Tout semble les opposer, le physique, le statut social, à tel point qu’on à parfois l’impression d’avoir deux aspects d’une même personnalité, tant le lien qui les unit est particulier…
D’un côté Louise, blonde, fille de la noblesse (un Duc parmi les ancêtres, exilé, mis à mal sous Napoléon, avec un retour en grâce sous Louis XVIII), un héritage que la famille la contraint à abandonner au profit d’un frère. Elle épouse, sans dot donc, un noble espagnol devenu apatride, son frère ayant hérité du titre et de la fiancée, devenant ainsi Louise de Macumer.
L’autre, brune, épouse un homme plus âgé qu’elle, dont la vie a été difficile, sa famille l’a cru mort au combat et part vivre avec lui en Provence, devenant Renée de l’Estorade.
Balzac nous raconte ainsi deux mariages aussi différents que le sont ces deux héroïnes : Louise s’est mariée par amour, Renée a fait un mariage de raison, d’où une réflexion sur l’amour passion par rapport à l’amour raison qui se construit peu à peu.

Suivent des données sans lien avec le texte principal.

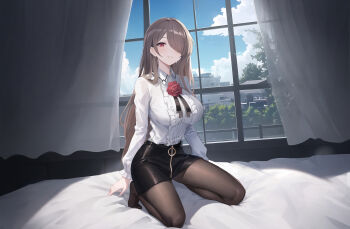 1girl absurdres bed black_pantyhose black_skirt blue_sky breasts brightlight brown_hair chinese_commentary commentary curtains flower hair_over_one_eye highres honkai_(series) honkai_impact_3rd indoors large_breasts long_hair miniskirt mole mole_under_eye official_alternate_costume on_bed pantyhose pencil_skirt purple_eyes red_flower red_rose rita_rossweisse rita_rossweisse_(fallen_rosemary) rita_rossweisse_(summer_night&#039;s_dream) rose seiza shirt sitting skirt sky solo very_long_hair white_shirt window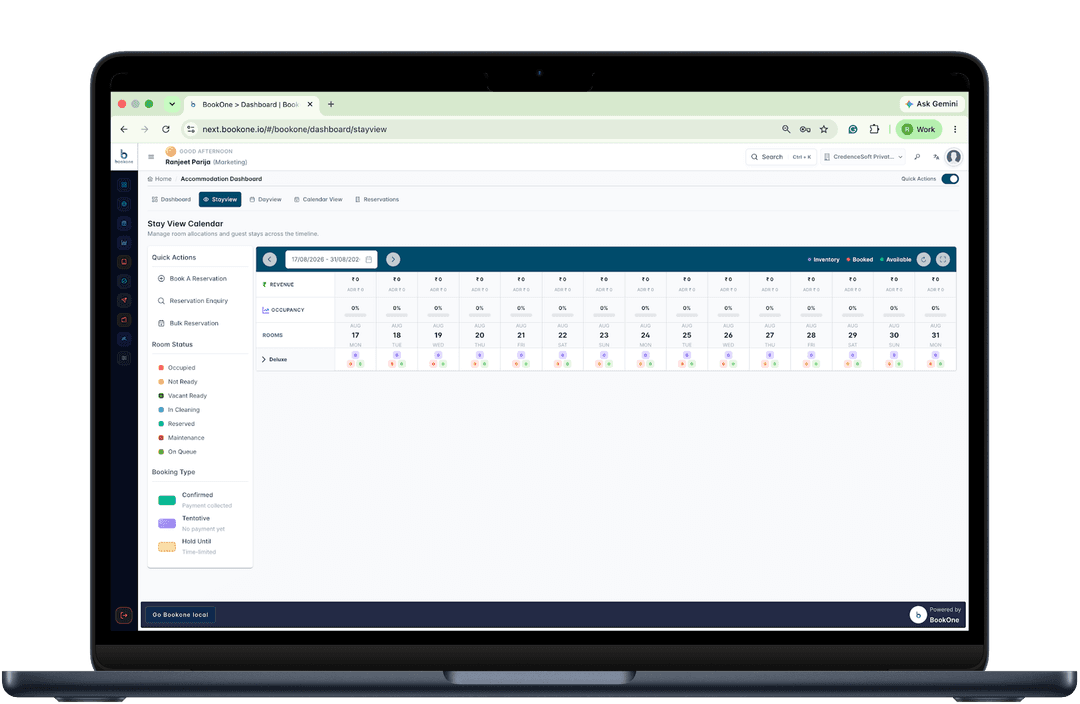 BookOne Homestay PMS property management dashboard screenshot showing reservations calendar and analytics
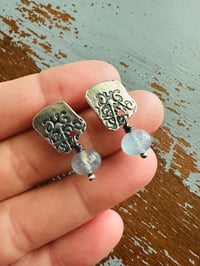 Image 4 of aquamarine and sterling silver post earrings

On se rend compte que Louise est amoureuse de l’amour : son premier mari est fou d’elle, et amoureuse de son propre reflet, tel Narcisse, elle se laisse adorer, vénérée, s’étourdissant dans la vie parisienne et les fêtes, l’insouciance, jalouse de toute femme qui peut lui faire de l’ombre, prenant un peu des distances épistolaires avec son amie tant leurs milieux diffèrent.
« Ton mariage purement social, et mon mariage qui n’est qu’un amour heureux, sont deux mondes qui ne peuvent pas plus se comprendre que le fini ne peut comprendre l’infini. Tu restes sur la terre, je suis dans le ciel ! Tu es dans la sphère humaine, je suis dans la sphère divine ! »

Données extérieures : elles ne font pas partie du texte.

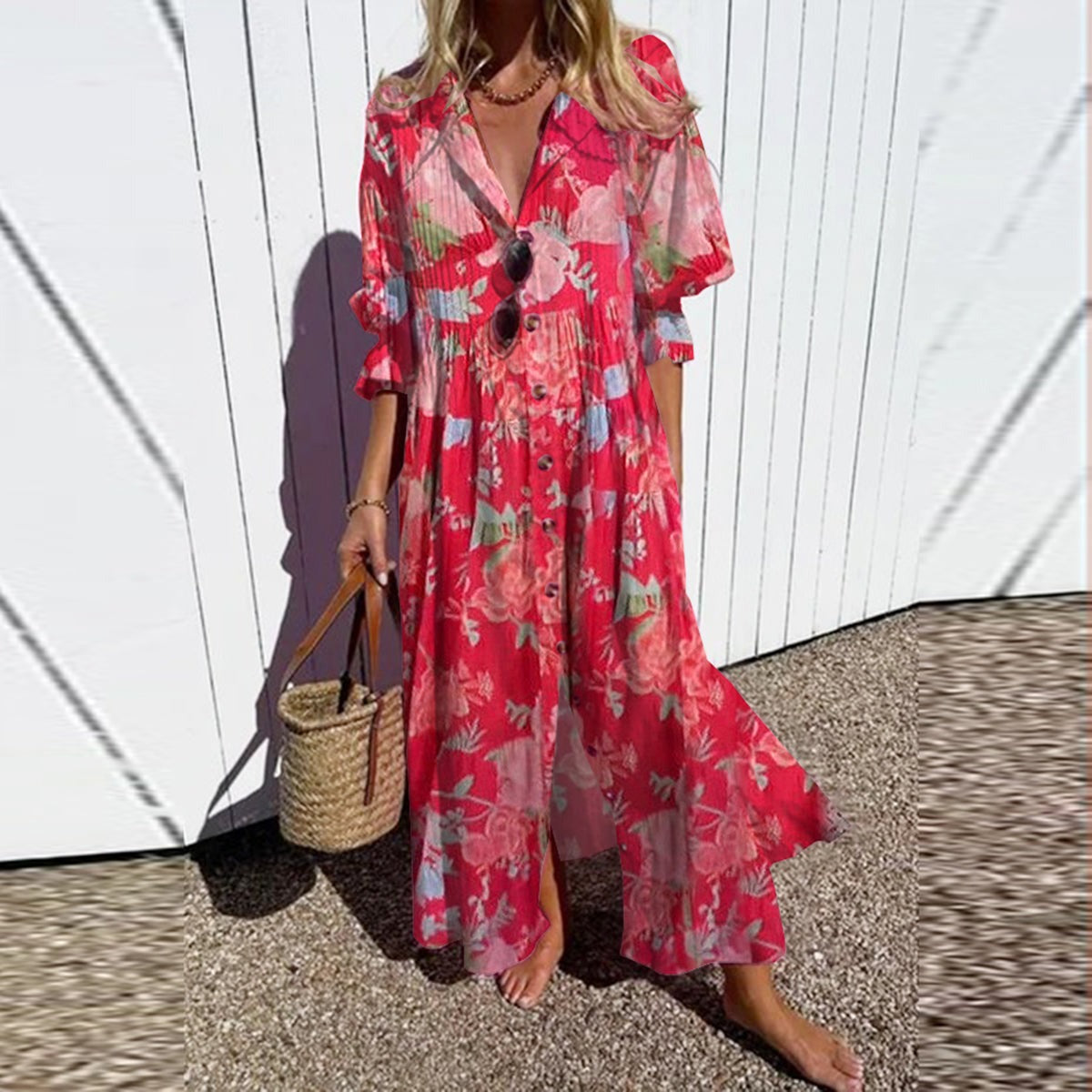 Ava Floral Print Long Dress for Women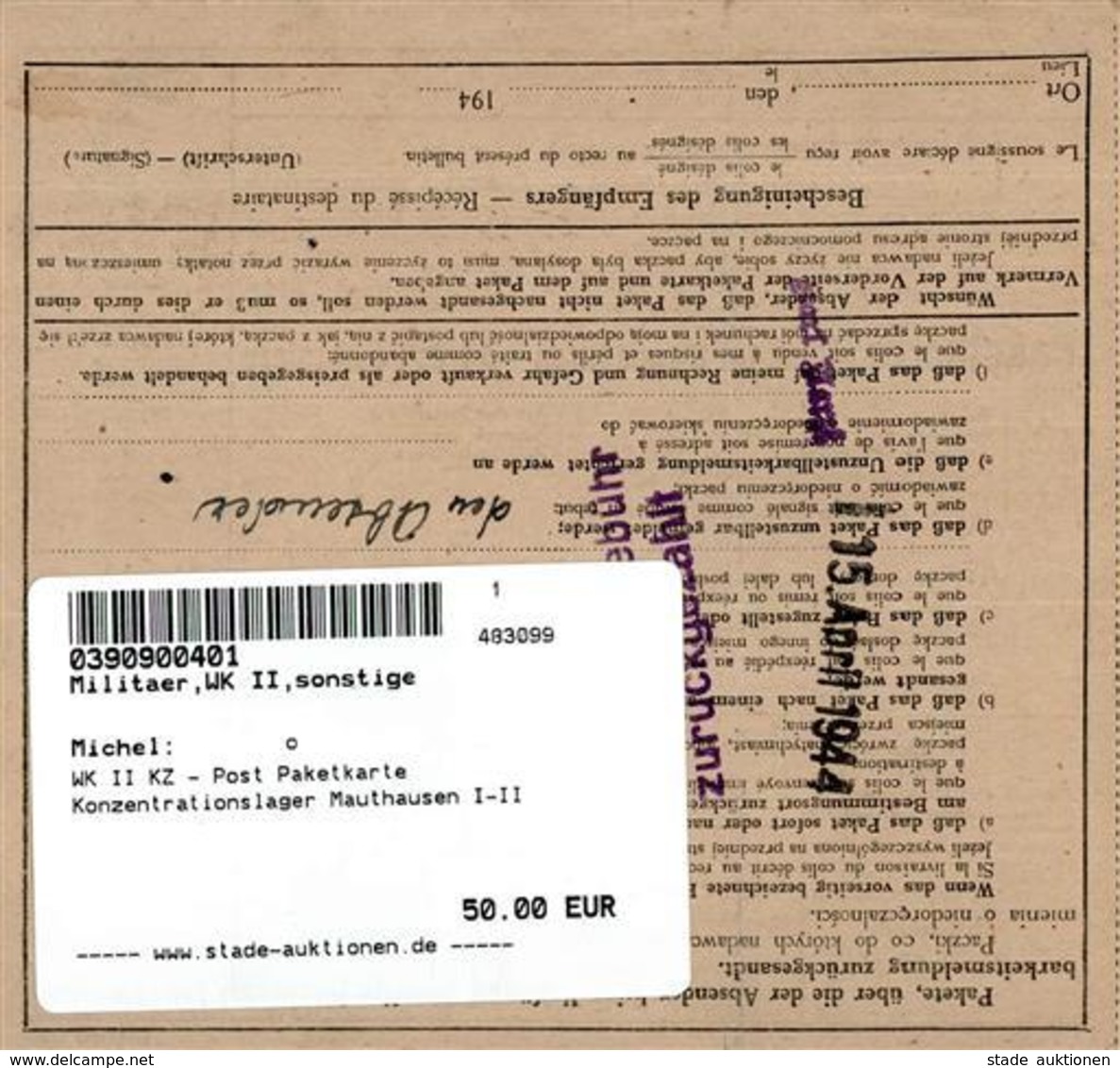 WK II KZ - Post Paketkarte Konzentrationslager Mauthausen I-II - Guerre 1939-45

Avec son deuxième mariage, avec un poète qu’elle emmène loin de tout, dans un paradis terrestre (pour vivre heureux, vivons cachés), ce sera l’inverse, c’est elle qui se consume d’amour.

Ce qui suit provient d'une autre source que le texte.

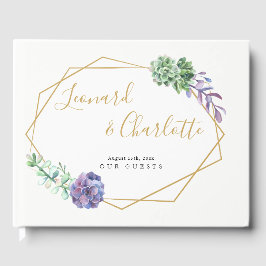 Purple Succulentsのゲスト結婚ズブックキープサケ ゲストブック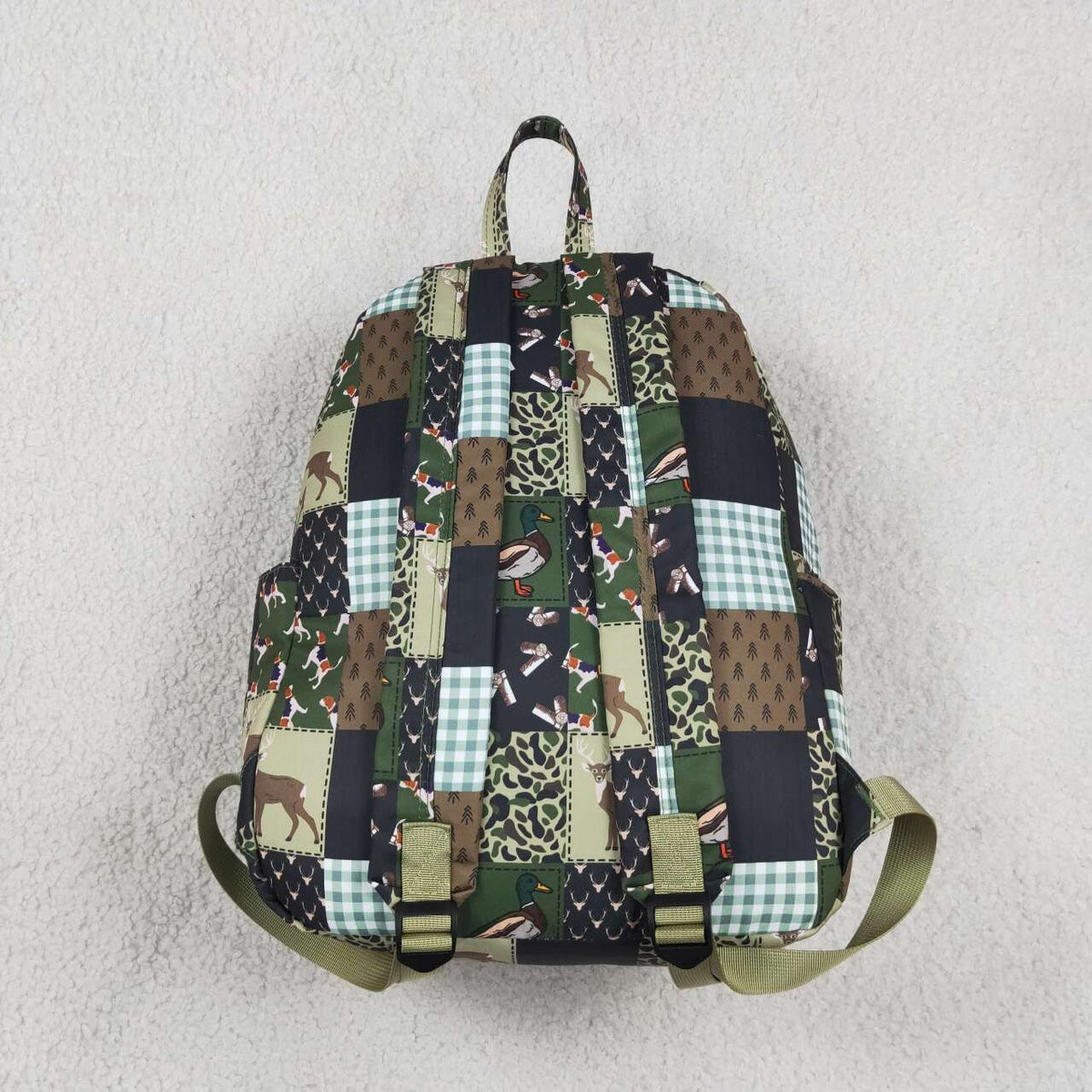 BA0199 Camo Animals Checkered Print Kids Backpack Hunting Bags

Renée construit sa vie, s’épanouissant dans son rôle de mère, œuvrant pour que son époux arrive à la députation. Pour elle, il s’agit de devoir conjugal où le plaisir est absent, de dévouement envers la famille.
« Tu peux avoir les illusions de l’amour, toi, chère mignonne ; mais moi, je n’ai plus que les réalités du ménage. »
Balzac nous fournit ainsi une étude approfondie du mariage à travers deux conceptions différentes, voire opposées, sans prendre parti. Il nous donne probablement accès à sa part féminine en même temps qu’il évoque la condition des femmes à son époque. Renée représente-t-elle pour lui la mère idéale qu’il n’a pas eue ?
Bien-sûr, les lettres s’espacent au fil du temps et de la vie de chacun, mais l’auteur nous raconte aussi une belle histoire d’amitié entre Louise et Renée, même si leurs idées divergent de plus en plus, il y a une forme d’entraide : Louise se sert de ses relations pour aider la carrière politique du mari de Renée par exemple. Renée qui tente, elle, de faire prendre conscience à Louise de son égoïsme, son auto-centrisme, se fait rabrouer.
Certes, ce n’est pas le roman de Balzac que je préfère, mais son analyse du statut de la femme mariée au XIXe siècle m’a plu et il n’y a pas si longtemps que cela qu’une femme peut choisir librement son mari, sans subir des pressions de sa famille et dans certaines cultures les choses ont guère évolué.